Portrait of Bohdan Khmelnytsky - source:  Wikipedia  

One of the more influential characters in Ukrainian history, Bohdan Khmelnytsky may be viewed alternately as a hero or a villain, depending on ones’ historical perspective. Some accounts portray Khmelnytsky as a great leader and statesman, while others view him as a figure who left only destruction in his wake.

This much is true: Khmelnytsky was leader, from 1648-1657, of the Zaporozhian Cossacks who organized an uprising against Polish rule in Ukraine, which ultimately led to the transfer of the Ukrainian lands east of the Dnieper River from Polish to Russian control.


Irrespective of ones’ viewpoint, it is generally agreed “Khmelnytsky was the central figure in the uprising, who managed to keep the movement vital and under his control for a decade.” (1)

So, what is Bohdan Khmelnytsky’s connection to the town of Tluste, apart from the fact that his imposing statue now overlooks a small park on Hrushevskoho Str. on the plot of land where the villa of Baron Hirsch once stood?

Pawlyk (2) contends that Mykhaylo Khmelnytskyy, the father of Bohdan, once had a homestead in Tluste.
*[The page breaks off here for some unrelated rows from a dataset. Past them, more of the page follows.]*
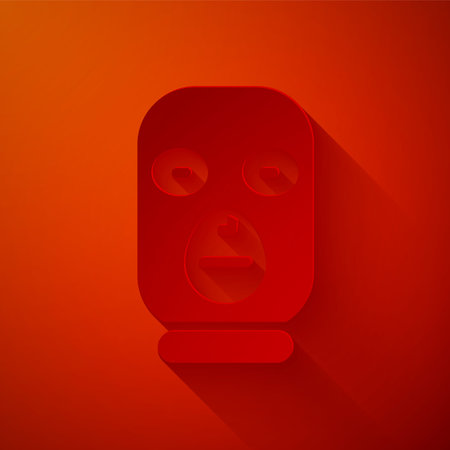 Paper cut Thief mask icon isolated on red background. Bandit mask, criminal man. Paper art style. Vector.のイラスト素材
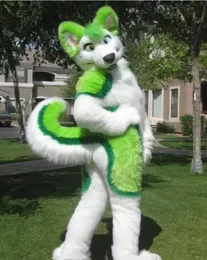 Factory direct sale green husky fursuit Mascot Costume plush Adult Size Halloween XMAS party CostumesCostumesmascot Parade Suit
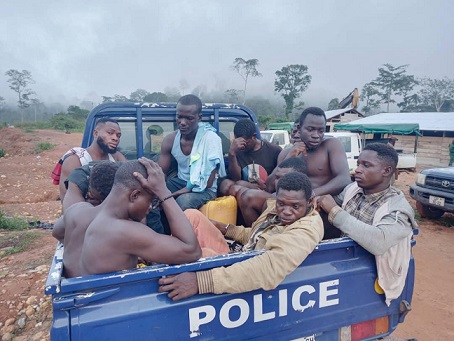 Taskforce Destroys 200 Tents, Mining Equipment, Arrest 22 Illegal Miners in Forest in Bekwai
The following is an abridged translation of the relevant passage in Pawlyk’s History of Tovste:

“Mykhaylo Khmelnytskyy once lived in Tovste castle, and he probably reconstructed and enlarged it after enemy attacks. From other sources, it is known that he was engaged in military campaigns. Mykhaylo Khmelnytskyy came from the well-known rich boyar family of Venzhyk Khmelnytskyy. This fact is confirmed by the coat-of-arms. He was married to Anastasiya, who was a daughter of Cossack Hetman Fedir Bohdan. The couple had only one son, Zinoviy Khmelnytsyy, who was given another name at christening – Bohdan.

Mykhaylo Khmelnytskyy was turned out of the town because of a crime of unknown description. Most probably this happened because he was an organizer of a peasants’ uprising, the first one of which took place in 1591. At the time, Ukrainian peasants were fighting against Polish landlords in Kyiv, Podillya, and Volyn.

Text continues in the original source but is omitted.